Хозяевам дома пришелся по душе немец, точь-в-точь такой же, как в фильмах с участием Марлен Дитрих: двухметрового роста, косая сажень в плечах, в свои пятьдесят лет он выглядел юношей, обладал превосходным чувством юмора и сдабривал испанскую речь смачными карибскими жаргонизмами, которым научился от своей жены Кармен Сантьяго. Много лет проработав в Латинской Америке корреспондентом разных немецких газет и радио, Эро неоднократно подвергал свою жизнь серьезному риску; к примеру, когда в Чили правила военная хунта, ему пришлось провести бессонную ночь, ожидая наутро расстрела. Так что человек он был закаленный и спокойно наслаждался фольклорной спецификой своего плена.

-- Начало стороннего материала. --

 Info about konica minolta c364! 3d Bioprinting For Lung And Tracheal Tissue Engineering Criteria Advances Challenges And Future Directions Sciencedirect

А специфики было хоть отбавляй, ведь, несмотря на то что к хозяевам довольно часто приходил эмиссар с кучей денег на текущие расходы, средств постоянно не хватало. Хозяева принимались с безудержной скоростью тратить деньги на вечеринки и побрякушки, и уже через несколько дней не на что было поесть. В конце недели устраивались пирушки для братьев, сестер, кузенов и близких друзей. Дом заполоняли дети. Узнав великана-немца, все пришли в неописуемый восторг и относились к нему, как к артисту, играющему в телесериале, ведь его часто видели по телевизору. По меньшей мере тридцать человек, не причастных к похищению и потому не скрывавших своих лиц, выпросили у Эро автограф и сделали его фото, пировали и даже танцевали с ним в этом сумасшедшем доме, где ему довелось прожить до самого конца своего заточения.